#### Task directions
Below are some records. Return exactly their lines from the one containing "image for item" through the one containing "The commuters’ ordeal", and drop the pictures.

#### Material provided
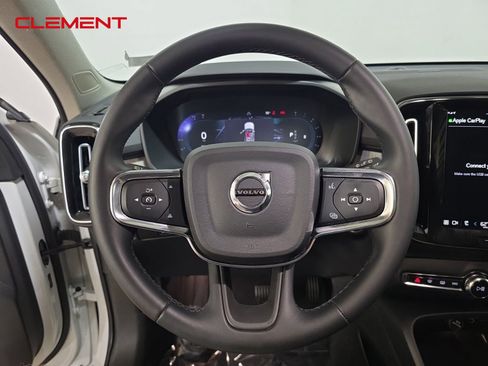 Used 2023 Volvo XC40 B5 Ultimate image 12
--
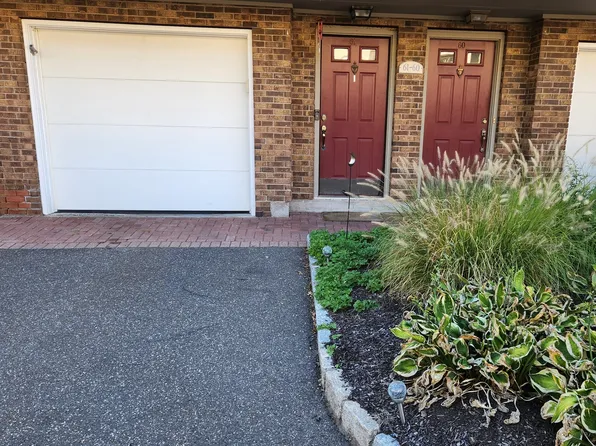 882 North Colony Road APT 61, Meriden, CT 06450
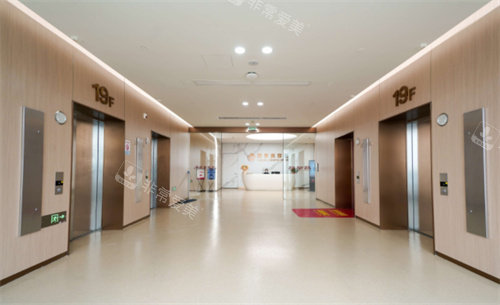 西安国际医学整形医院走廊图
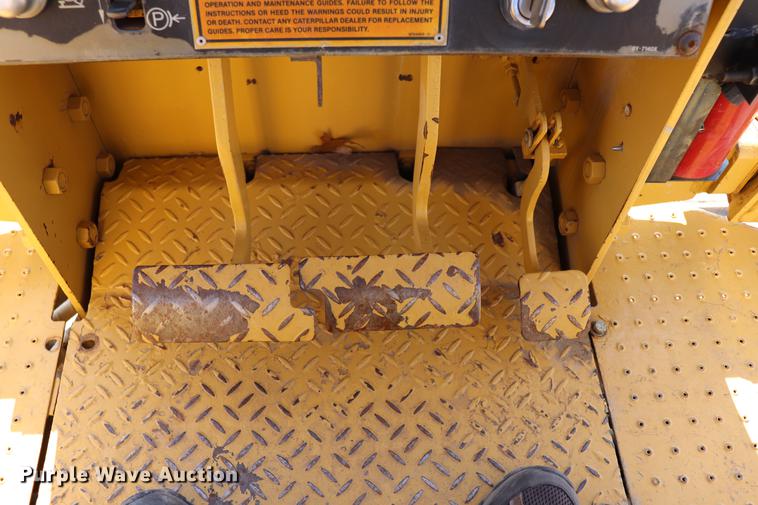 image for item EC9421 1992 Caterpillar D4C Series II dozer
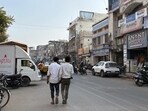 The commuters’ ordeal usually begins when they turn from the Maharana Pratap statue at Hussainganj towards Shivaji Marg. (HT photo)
* * *
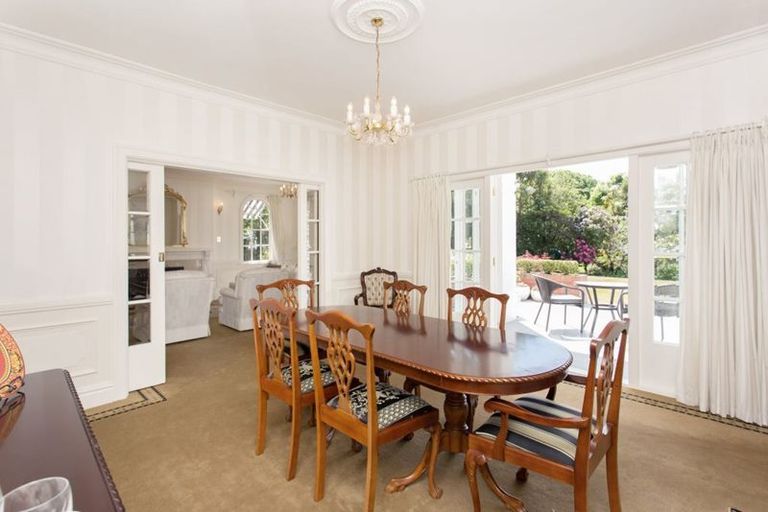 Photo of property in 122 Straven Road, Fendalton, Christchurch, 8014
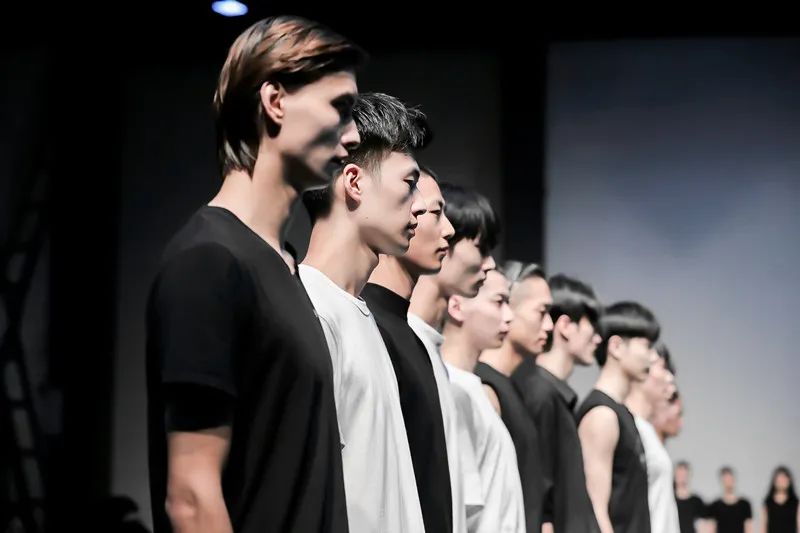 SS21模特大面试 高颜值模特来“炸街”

#### Answer to the exercise
 image for item EC9421 1992 Caterpillar D4C Series II dozer
 The commuters’ ordeal usually begins when they turn from the Maharana Pratap statue at Hussainganj towards Shivaji Marg. (HT photo)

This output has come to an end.